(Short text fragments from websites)
/---

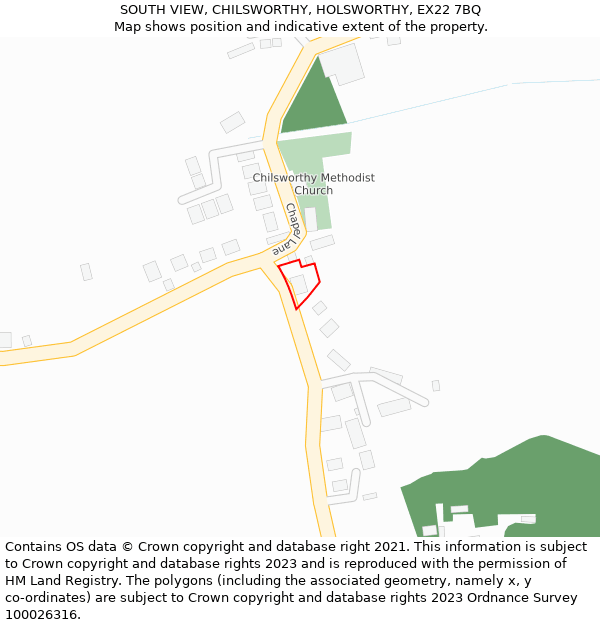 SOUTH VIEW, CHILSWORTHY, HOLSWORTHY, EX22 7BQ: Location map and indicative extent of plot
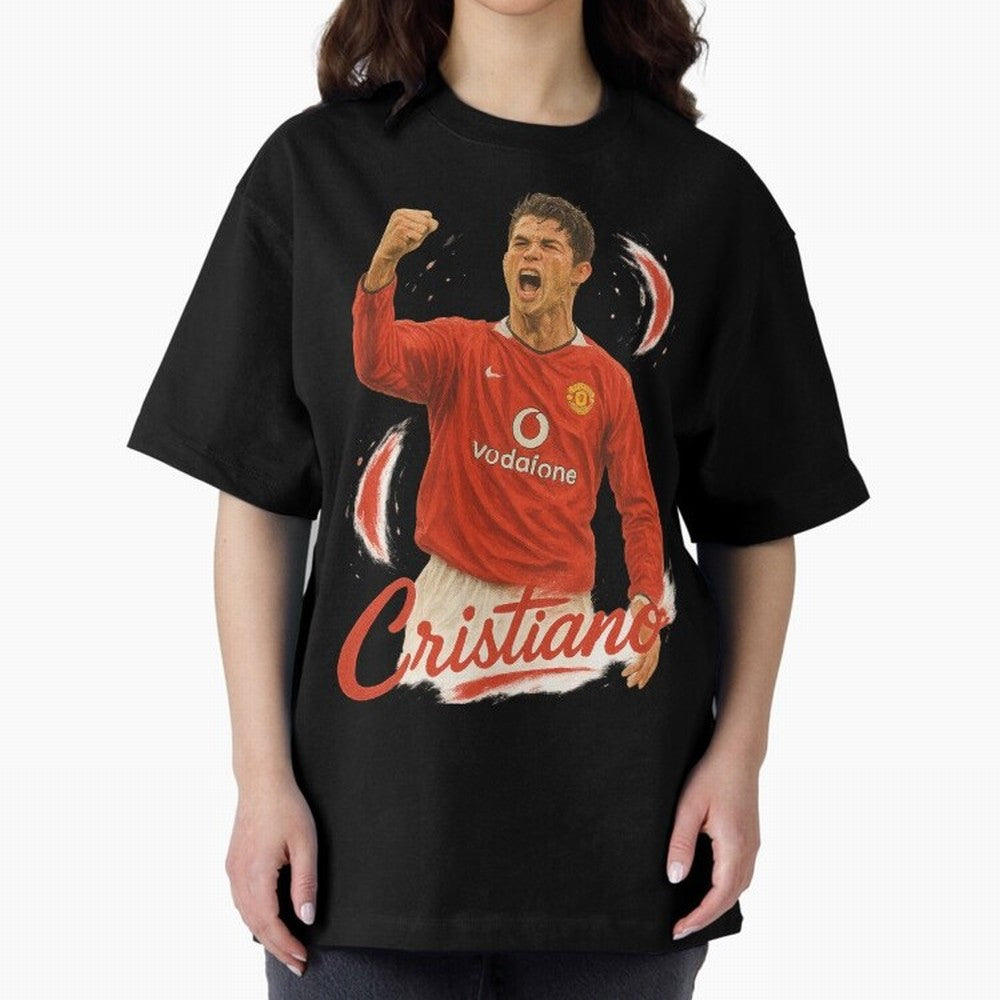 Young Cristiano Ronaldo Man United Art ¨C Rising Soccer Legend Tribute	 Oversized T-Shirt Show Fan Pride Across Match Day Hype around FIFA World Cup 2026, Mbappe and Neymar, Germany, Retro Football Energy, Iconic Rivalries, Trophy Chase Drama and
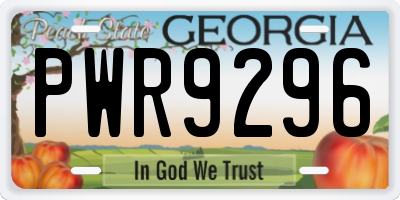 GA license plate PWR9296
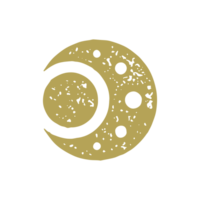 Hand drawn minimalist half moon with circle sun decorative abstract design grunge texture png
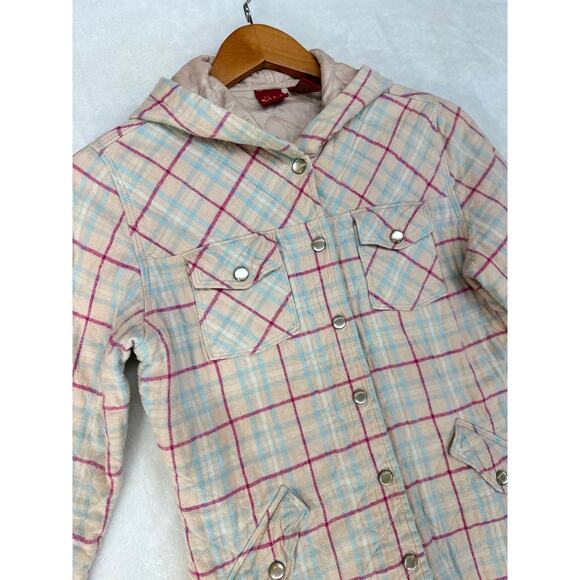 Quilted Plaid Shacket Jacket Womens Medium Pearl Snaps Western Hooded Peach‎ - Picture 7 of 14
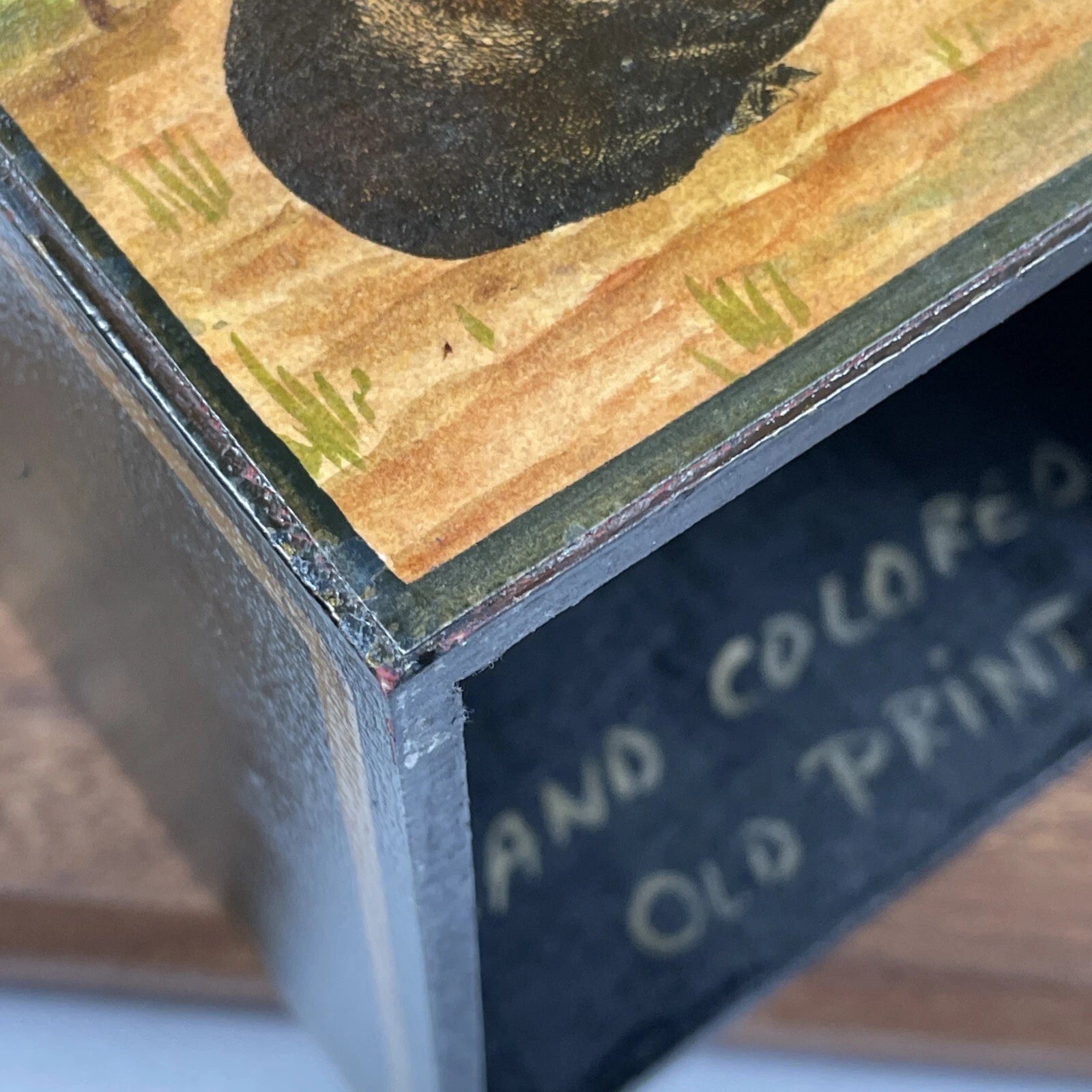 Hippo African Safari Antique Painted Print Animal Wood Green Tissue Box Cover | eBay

\---

- _AIM OF THE EXERCISE_
Leave the pictures out and reproduce all of the records exactly.

- _FINISHED EXERCISE_
 SOUTH VIEW, CHILSWORTHY, HOLSWORTHY, EX22 7BQ: Location map and indicative extent of plot
 Young Cristiano Ronaldo Man United Art ¨C Rising Soccer Legend Tribute	 Oversized T-Shirt Show Fan Pride Across Match Day Hype around FIFA World Cup 2026, Mbappe and Neymar, Germany, Retro Football Energy, Iconic Rivalries, Trophy Chase Drama and
 GA license plate PWR9296
 Hand drawn minimalist half moon with circle sun decorative abstract design grunge texture png
 Quilted Plaid Shacket Jacket Womens Medium Pearl Snaps Western Hooded Peach‎ - Picture 7 of 14
 Hippo African Safari Antique Painted Print Animal Wood Green Tissue Box Cover | eBay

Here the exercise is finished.